The following diagrams provide a summary of the client profile and outcomes of the HWS pilot in numbers.

Client Profile
Infographic showing the characteristics of people who took part in the pilot
Health Conditions
Infographic showing the health conditions of people taking part in the pilot
How people heard about the pilot and what services were provided
Infographic showing different ways people heard about the pilot and separately, what services people accessed during the pilot
Outcomes
Infographic showing the outcomes from people who took part in the pilot, improvements in employment and health

Telephone survey with clients

The telephone survey findings represent the views of a sample of HWS pilot clients. Only differences which are statistically significant are reported.
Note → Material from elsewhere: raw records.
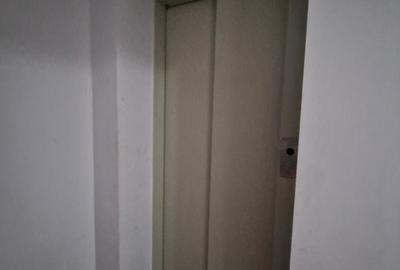 Apartament cu 3 camere decomandat în Central - 50
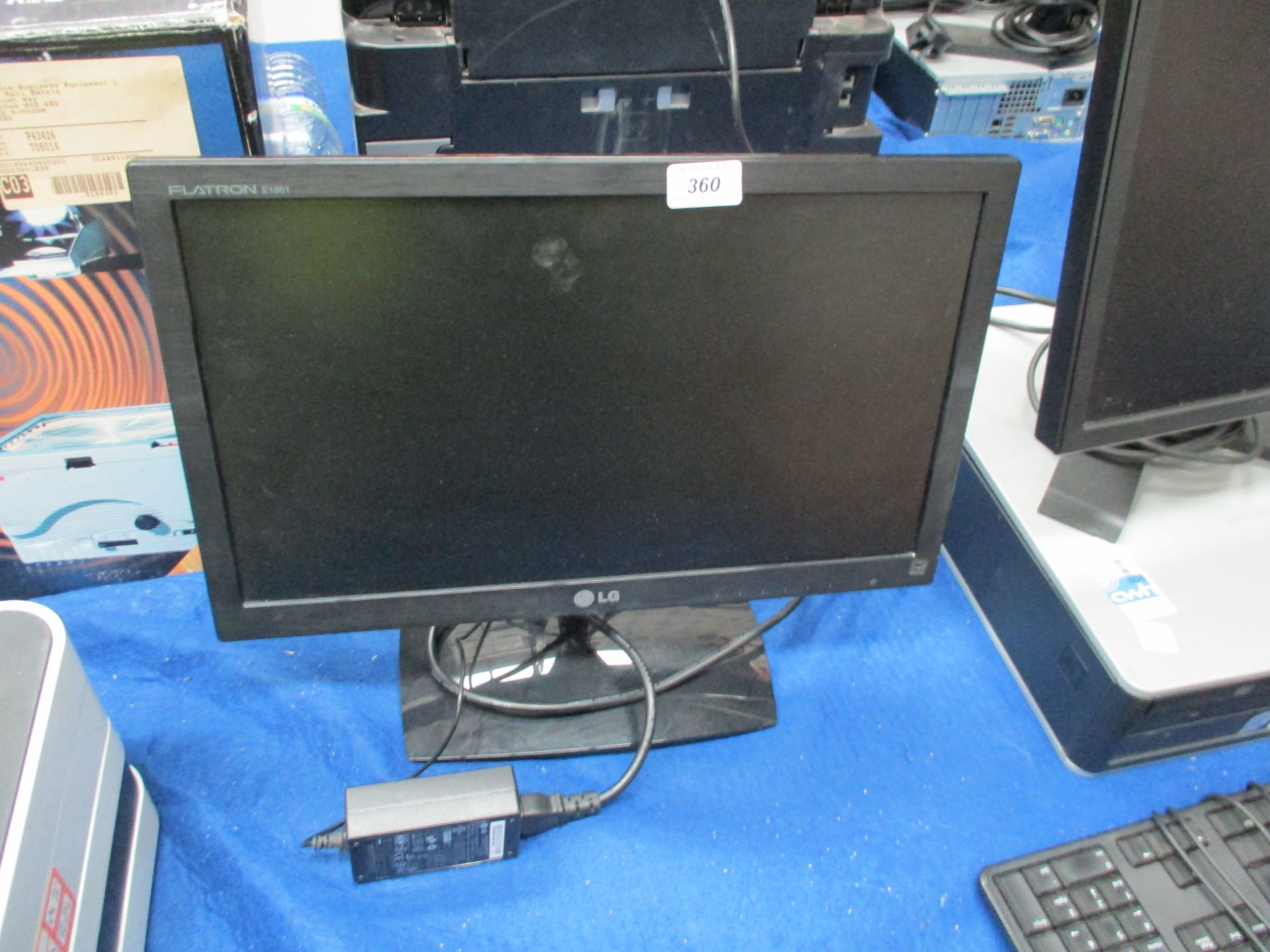 An LG Flatron E1951 LCD monitor - power lead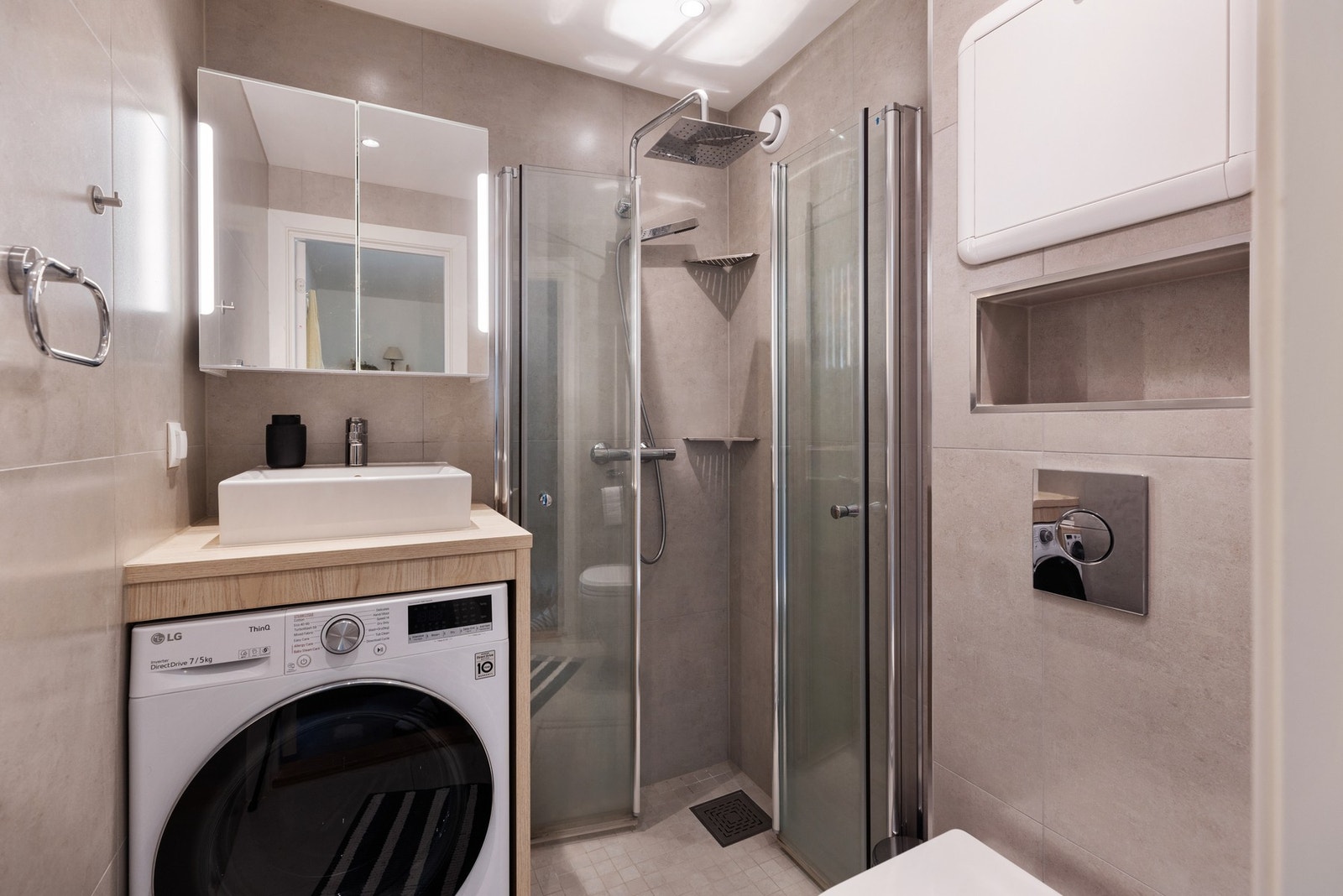 Badet er pusset opp i 2020 og fremstår svært lyst og fint. Galleribilde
This section summarises the main findings from the telephone surveys.

The research was conducted using a quantitative survey approach, comprising telephone interviews with 600 Health and Work Support (HWS) Pilot clients.

The survey fieldwork took place over two waves between November 2019 and July 2020. Each wave comprised the following:

  • Wave 1 (November 2019 to February 2020):
    • An 'initial' survey of 484 HWS clients
  • Wave 2 (June and July 2020):
    • An initial survey of 116 HWS clients (same as the Wave 1 survey questionnaire)
      • a further outcomes survey[6] was conducted with 38 Wave 1 participants (who agreed to be re-contacted for further research) who were still using the service at the time of the first survey but had now finished using the service.
    • A follow-up survey of 144 Wave 1 survey participants who agreed to re-contact (this survey comprised new questions to gauge if/how participants' health and work outcomes had changed over time)

Key telephone survey findings

Overall levels of satisfaction with the support received through the Health and Work Support Pilot were found to be very high:

  • 94% of participants were satisfied with the support they had received overall;
  • 93% were satisfied their initial enrolment phone call with a member of the HWS team;
  • 92% were satisfied with the assessment meeting with their case manager; and,
  • 93% were satisfied with the clinical support they received from a physical or mental health specialist.

The main reasons clients described for registering with the service were to access specialist support from a health professional or to get advice / guidance on how to manage or treat a health condition.

The service was found to have made a positive difference to participants' health and employment outcomes. The majority (76%) said the service made a difference in enabling them to: remain in work and/or return to work from absence; change their working pattern; or find employment. The service also made a positive difference in relation to:

  • Clients' concerns about losing their job due to their health condition: Of those that finished using the service the proportion of participants concerned about losing their jobs as result of their health condition was 12% (at the time of this survey), at the time of enrolment this was 34% (all participants ),
  • Absence from work: Of those that finished using the service the proportion of participants who were absent from work (due to sickness or other reasons) was 10% (at the time of the survey), at the time of enrolment this was 27% (all participants).

Three quarters (78%) of survey respondents said that their health had improved since first contact with the service and of these a high proportion (91%) said that the service had contributed to this improvement.

The services that made the most difference in helping participants to remain in or find work were:

  • Specialist support to address a physical health condition
  • Support received from a case manager.

Just over a third of all participants (36%) were found to have dropped out of the service before they had finished receiving support. The main reasons for this were:

  • They felt they had got all the support they needed.
  • The appointment times with a specialist were inconvenient.
  • Their circumstances had changed.